Like many runners, Audra attributes her poor night’s rest to pre-race jitters – but it could have been something she ate. Some foods have characteristics, such as a certain macronutrient breakdown or a particular chemical compound such as saturated fat, that can mess with your sleep. Feeling more groggy than energised before a run? Avoid these 11 sleep-sappers.
Using this trendy oil for your stir-fry seems like a good idea, but it can have a negative impact on Z’s. A study in the Journal of Sleep Research suggests that consuming hexadecanoic acid, a saturated fat found in coconut oil, may interfere with your ability to clock a solid eight. Instead, opt for olive oil, which only contains unsaturated fat and boasts additional heart-health benefits.
Although tea before bed is a common ritual, this warm beverage has two strikes against it in the sleep department. Black and green teas have caffeine and another sleep-disturbing compound called theobromine, which can act as a diuretic and increase your heart rate. Choose herbal non-caffeinated tea (e.g. rooibos) to avoid both of these stimulants; and drink it a few hours before bed, to give you enough time to use the bathroom if needed.
When it comes to getting a good night’s sleep, you’ll want to pass on this pasta topper. The acidity in the tomatoes can cause heartburn for those who suffer from acid reflux, and tomato sauce also contains the amino acid tyramine. This triggers the brain to release norepinephrine, a stimulant that boosts brain activity and inhibits sleep.
Although you may only eat a small amount, chocolate naturally contains caffeine, which may be problematic for those who aren’t used to consuming it regularly. Like tea, this sweet treat also has the stimulating compound theobromine. But don’t panic. If you have to get your fix, white chocolate is a good substitute, as it’s naturally caffeine-free.
We know: nothing tastes as good as a cold beer after a long run, or a glass of wine at the end of a busy day. But hear us out: while alcohol is a natural depressant that may help you feel drowsy, it actually makes it difficult to go into a deep sleep, which affects how rested you feel in the morning. Plus, a hangover is definitely not the way you want to start a long run. There’s nothing wrong with alcohol in moderation, but be conscious of your consumption during training blocks or before a big event such as a race.
Sure, go ahead and treat yourself to a juicy filet mignon every once in a while; but not when you need a good night’s sleep. Research shows that eating foods high in saturated fat, such as steak, interferes with deep sleep. These foods also take longer to digest, causing indigestion that can keep you up at night. Whenever possible, stick to veggie-based dishes, lean proteins, or fish.

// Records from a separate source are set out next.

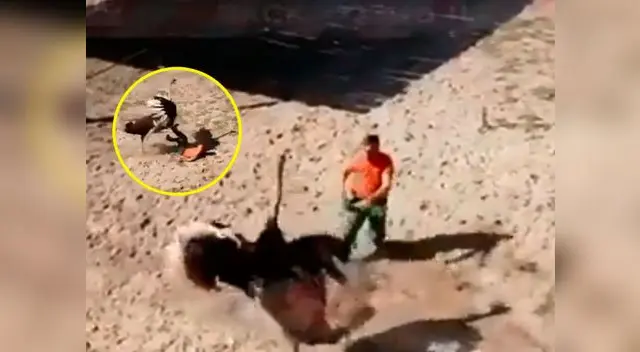 Avestruz se enfrenta a su cuidador. Video es viral en Facebook Avestruz se enfrenta a su cuidador. Video es viral en Facebook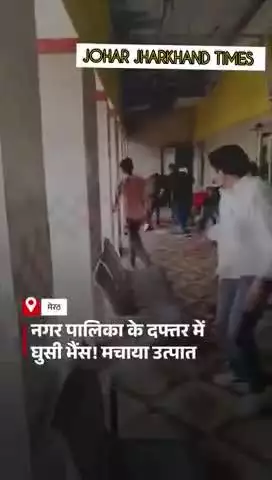 मेरठ के मवाना नगर पालिका #UttarPradesh #meerut #buffalo #Viral #ViralVideo #LatestUpdates#ranchi#bero#bharno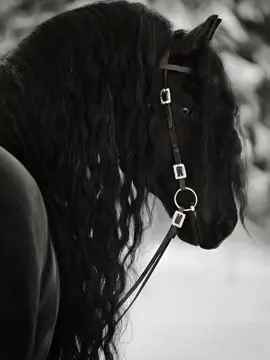 #creatorsearchinsights #horus #horsesontiktok #viral #flypシ @Umaii @Umaii 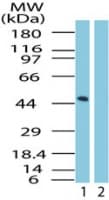 GPR83 Antibody (aa200-250)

It’s no secret that this sugary stuff isn’t great for anyone’s diet, especially a runner’s; but regularly consuming cooldrinks, which usually have both caffeine and sugar, has also been linked to short sleep duration. On the flip side, a glass of tart cherry juice before bed can help ward off insomnia.
Chips and Dips
Unfortunately for flavour lovers, spicy foods – looking at you, nachos with salsa! – can trigger heartburn, which can be exacerbated when lying down. And new research has found that eating less sodium throughout the day will reduce your bathroom trips at night. Skip the salty chips and salsa, or try ordering mild guacamole with a side order of crudités instead.

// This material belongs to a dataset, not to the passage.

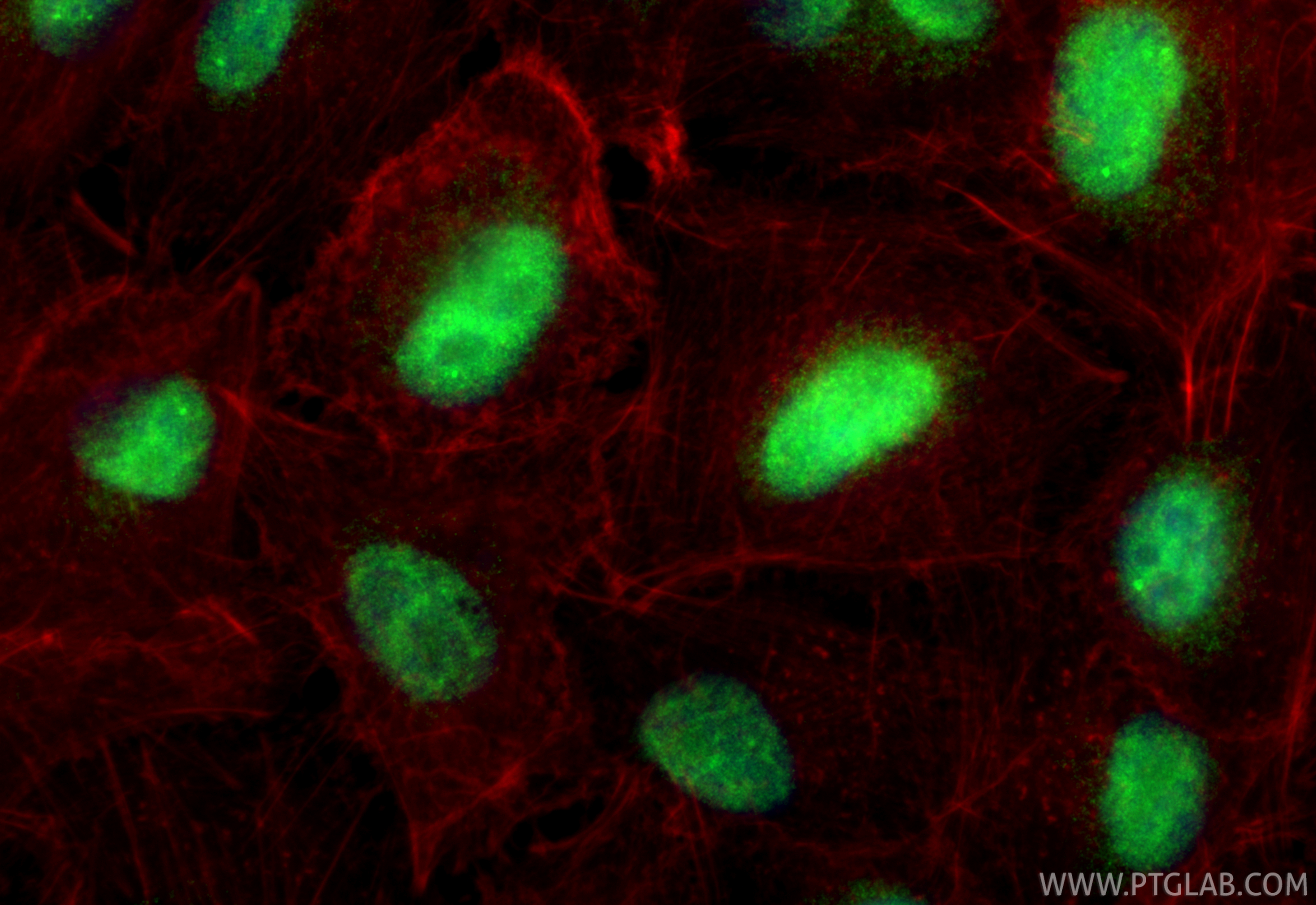 Immunofluorescent analysis of (4% PFA) fixed A549 cells using USP39 antibody (23865-1-AP) at dilution of 1:200 and CoraLite®488-Conjugated Goat Anti-Rabbit IgG(H+L) (<a class='green' href='/productredirect?CatalogNo=SA00013-2' target='_blank'>SA00013-2</a>), CL594-Phalloidin (red). IF Staining of A549 using 23865-1-AP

A glass of water before bed is fine (and encouraged!), but trying to hydrate for your morning run by downing several glasses can lead to frequent bathroom breaks in the middle of the night. Instead, drink water regularly throughout the day, and take a water bottle on your morning run. You can also snack on water-rich fruits, such as kiwi fruit, which is a good source of sleep-inducing serotonin.

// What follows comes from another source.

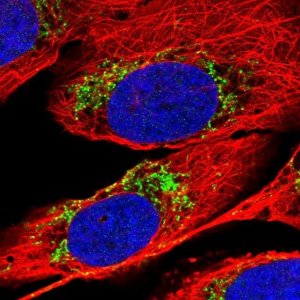 Anti-MTPAP antibody produced in rabbit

This is going to be unpopular advice, but you might want to put down that spoon. Foods that are high in saturated fat and sugar and low in fibre can result in less restorative sleep with more midnight waking. Unfortunately, this frozen treat fits the bill. If the craving calls, try making ‘nice’ cream by blending one frozen banana with ½ cup of fruit or a tablespoon of nut butter, for a healthier alternative.
If you’re the type of guy who douses everything in this hot sauce, you may want to think twice the night before a race. Similar to salsa, the spiciness can exacerbate acid reflux symptoms for some, and hinder your shut-eye. Instead, add a dash of chilli powder to your food for a smoky flavour without all the spice.